The critical synergy between development programmes and advocacy
The critical synergy between development programmes and advocacy
International development, like many human constructs, tends to be compartmentalised. This reflects human nature's need to fit complexity into categories. As in many development organisations, at World Vision, advocacy and development programmes are categorised and pursued separately. The risk of this separation is losing the critical synergies between the two disciplines.
The implications of this are serious. For example, World Vision invests over $400 million per year in its health sector work (health, nutrition, HIV, water and sanitation), but it wasn't until the beginning of its global Child Health Now campaign that this investment was given a public voice, and began to be used in the area of advocacy as well. One challenge that World Vision faces is, despite running health programmes in dozens of countries, the ability to generate useful experiential data remains weak. This is a tremendous lost opportunity. Technical experts at World Vision struggle to effectively engage in external forums not just for lack of programmatic focus and evidence but because the organisation has not demanded of them that this be a priority. This is because advocacy is perceived as something different than "programming". As a consequence, those who work on development programmes do not address advocacy objectives or methods in their program designs. Advocacy then remains poorly funded and little understood.
It is difficult to reconcile this situation where the organisation focuses on empowerment approaches, changing unjust systems and structures, and addressing "policies and practices that address the structural causes of poverty at local, national and global levels". In terms of its vision, principles, ministry framework and theory of change, World Vision has the right ideas strategically. If it can connect its excellent high-level strategy with its rightful operational role as civil society representative, this situation would be much improved.

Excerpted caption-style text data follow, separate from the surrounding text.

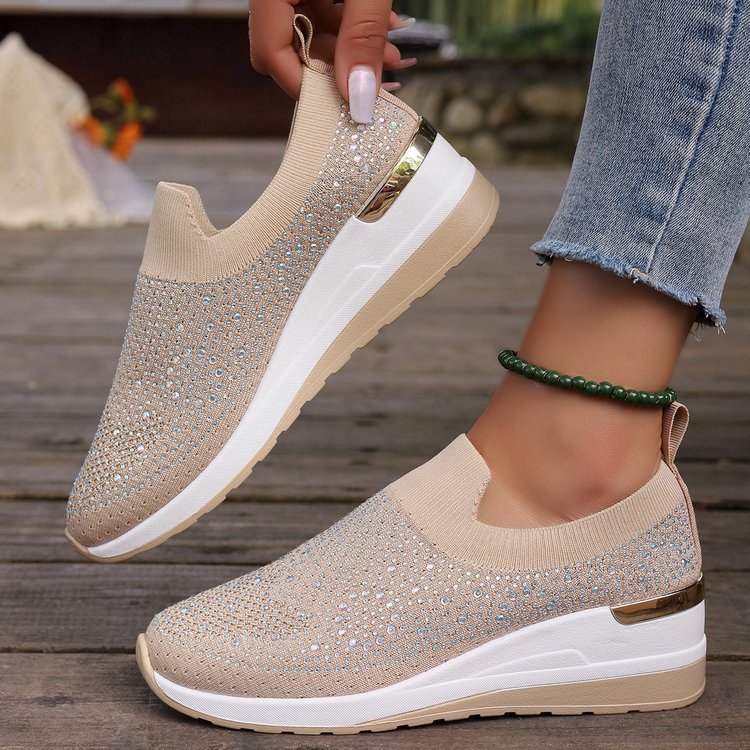 Comfortable Wedge Sneakers for Women - Rhinestone Flyknit Slip-On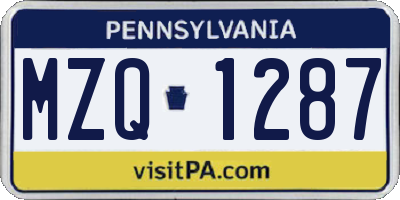 PA license plate MZQ1287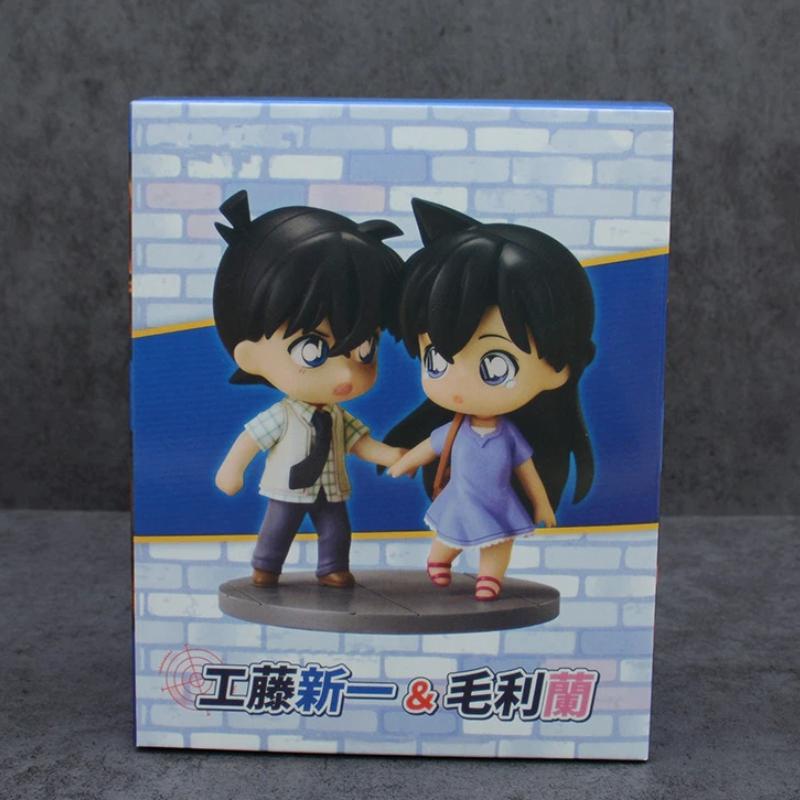 Detective Conan Shinichi Kudo Ran Mori Chibi Figures Century Hand-Holding Scene Desktop Ornament Pc Case Decor For Anime Fans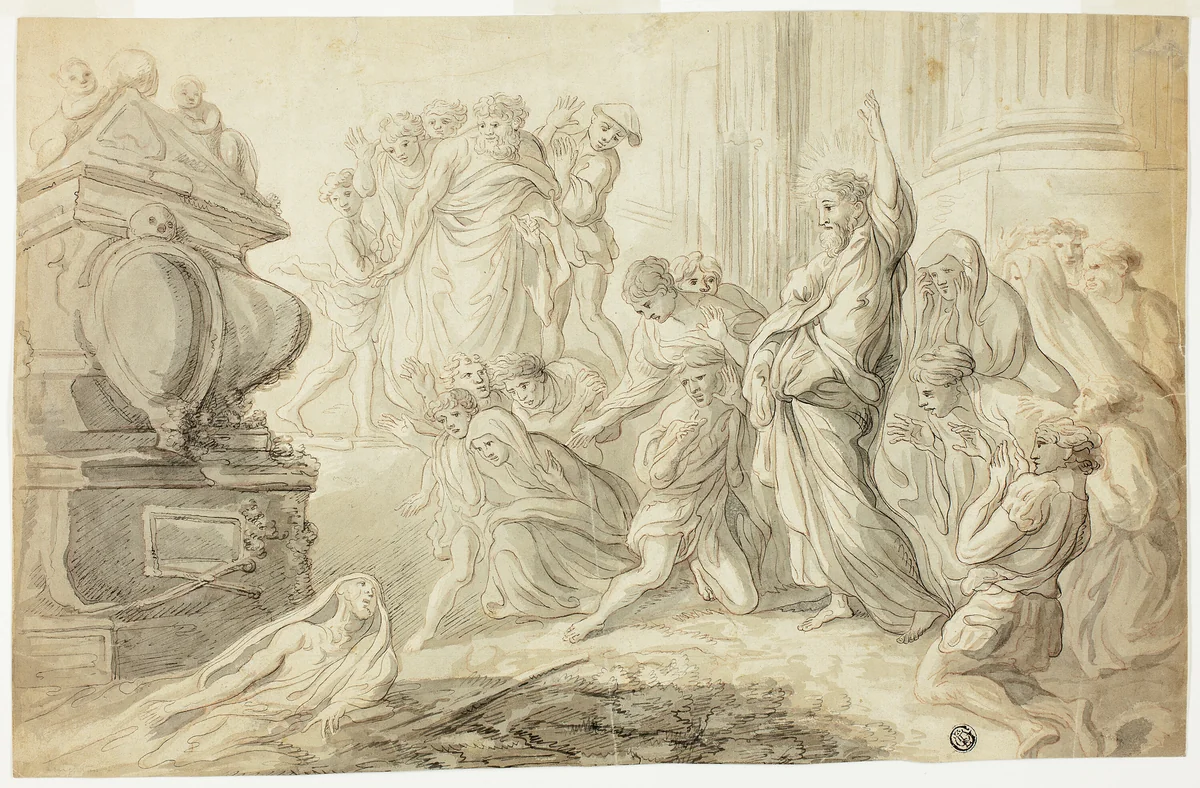 Raising of Lazarus (recto); Travelers with Cart Outside Inn (verso) by Giovanni Benedetto Castiglione, drawing, 1700-1799
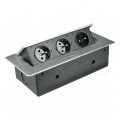 OUTLET Gniazda wpuszczane w blat 3x2P+Z srebrne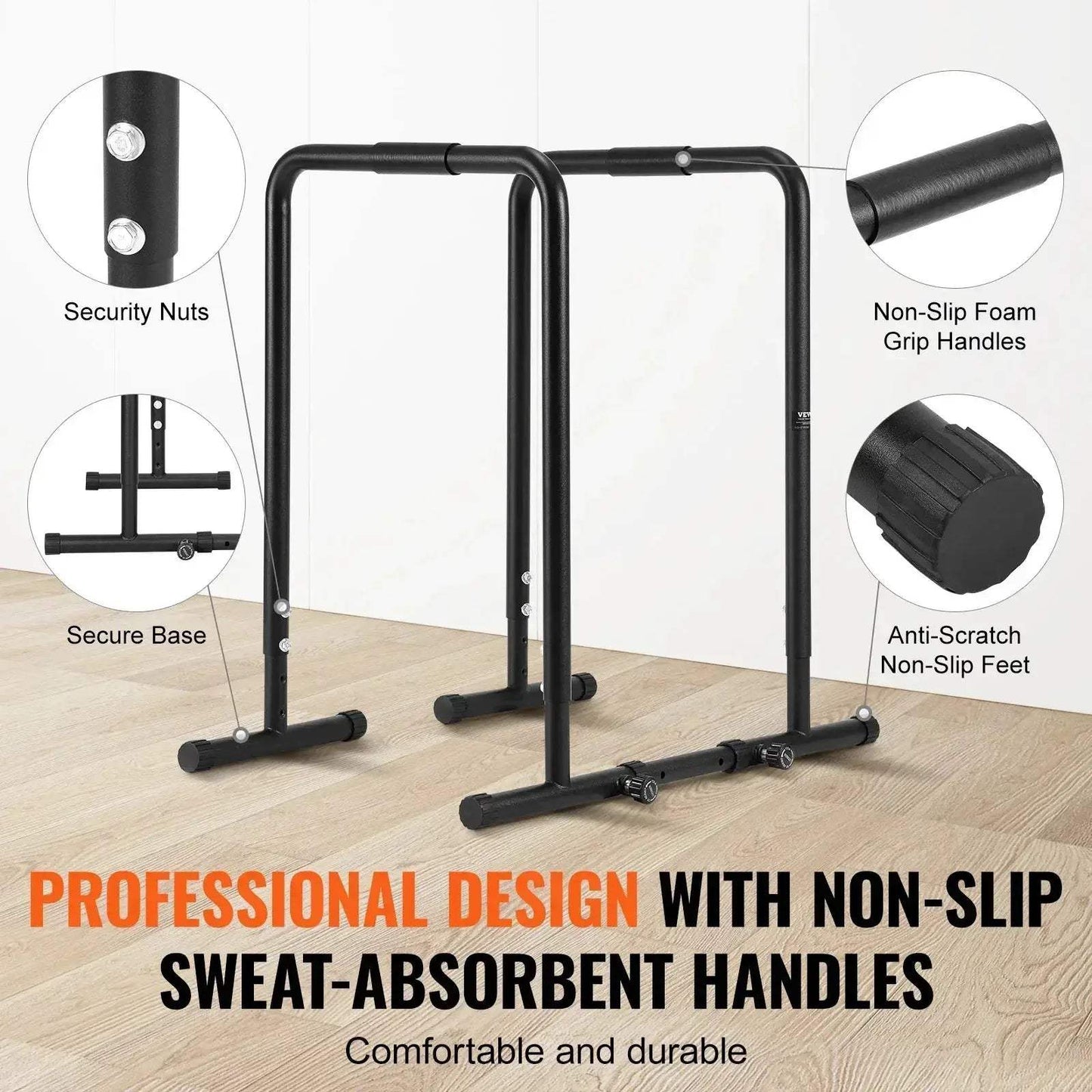 SucceBuy Dip Bar Stand Heavy Duty 440 Lb Adjustable Height - ToylandEU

And progress is being made. In the health sector, there is growing evidence of the important role collective action plays across programming and advocacy, in achieving specific health outcomes. For example, a 2013 evaluation, funded by USAID of community system strengthening in Zambia, connects it with increased contraception use, HIV testing and bed-net utilisation. A Department for International Development study on World Vision's implementation of Citizen Voice and Action, a local level advocacy approach, demonstrates health outcomes including increased health facility staffing and improved service, reduced waiting time for service, increased facility-based deliveries and increased immunisation.

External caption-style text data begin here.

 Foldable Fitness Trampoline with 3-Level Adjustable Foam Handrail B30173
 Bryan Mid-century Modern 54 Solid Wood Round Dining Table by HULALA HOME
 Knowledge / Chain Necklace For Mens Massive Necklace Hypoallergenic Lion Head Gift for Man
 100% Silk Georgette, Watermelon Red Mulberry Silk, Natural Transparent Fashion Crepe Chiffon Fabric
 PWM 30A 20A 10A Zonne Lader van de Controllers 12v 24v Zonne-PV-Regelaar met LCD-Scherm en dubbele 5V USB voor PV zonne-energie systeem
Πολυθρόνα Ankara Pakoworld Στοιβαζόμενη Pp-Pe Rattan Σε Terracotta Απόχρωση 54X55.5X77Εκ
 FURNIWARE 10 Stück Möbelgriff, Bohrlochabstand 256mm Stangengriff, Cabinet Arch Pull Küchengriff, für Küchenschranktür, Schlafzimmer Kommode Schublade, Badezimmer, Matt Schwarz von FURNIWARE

Child Health Now national campaigns have contributed to impressive outcomes such as increased government health sector allocations, new health worker training programmes and improved information management systems. It is imperative that the health practitioner community understand and assume ownership of these activities as they are fundamental to sustainably addressing the systemic barriers to health sector development.
This progress is reflected in the large roll-out of these successful initiatives. The Citizen Voice and Action approach is now being implemented in 34 countries. The Child Health Now campaign is being implemented in 31. If the organisation can figure out how to bring these high-impact, cost-effective approaches to scale, and in an integrated fashion with its greater investments towards maternal and child health outcomes, it will have a greater potential to establish itself as a major contributor in global development.
Towards this end, World Vision needs to firmly embed advocacy in all mainstreamed development programmes. We must evolve once and for all from providing development services, to pursuing social justice and accountability. If we fall short of this, we betray the organisation's vision, as well as the modern identity of a development organisation.